Labour tensions stem largely from worries about Apollo's plan to pile debt onto the enlarged company as it tries to swallow a rival worth roughly four times its own market value. Apollo is borrowing an additional $450 million, while Cooper will take on $2.1 billion of non-recourse debt, mostly through a bond offering. The combined entity, which will be the world's seventh-largest tyre manufacturer, will have net debt worth around 3.8 times its earnings before interest, tax, depreciation and amortization.
If the deal goes ahead as planned, the combined company's Ebitda margin will be as much as 300 basis points higher than its interest payments, according to Kotak Securities. That will be even better if Apollo succeeds in extracting the benefits of combined scale, sourcing, and manufacturing improvements which it says could be worth an additional $120 million of annual EBITDA within three years.

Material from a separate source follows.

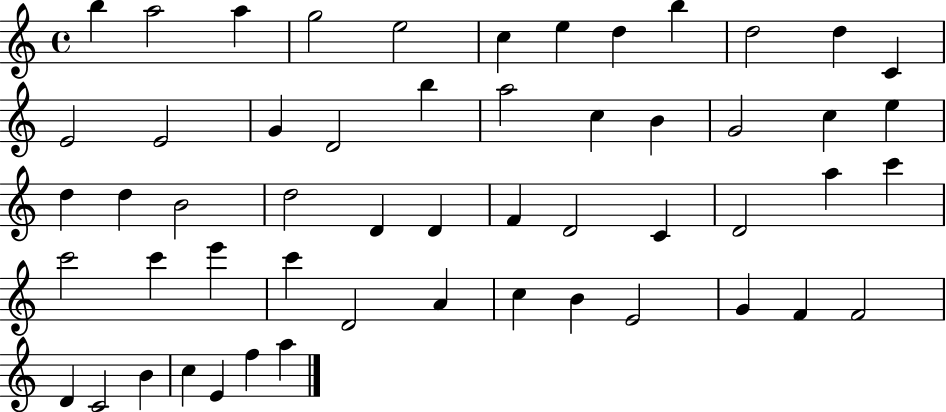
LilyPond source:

Yet tyre-making is a volatile business. Margins at Cooper - which will contribute around 70 per cent of pro-forma Ebitda - are 13 per cent, their fattest in six years. They were around seven per cent as recently as 2011. If Apollo is forced to overcome its current difficulties by increasing wages for workers, margins will be squeezed. Cooper shares are trading at eight per cent below Apollo's $35-a-share cash offer. Given the deal's mounting risks, the discount is more than justified.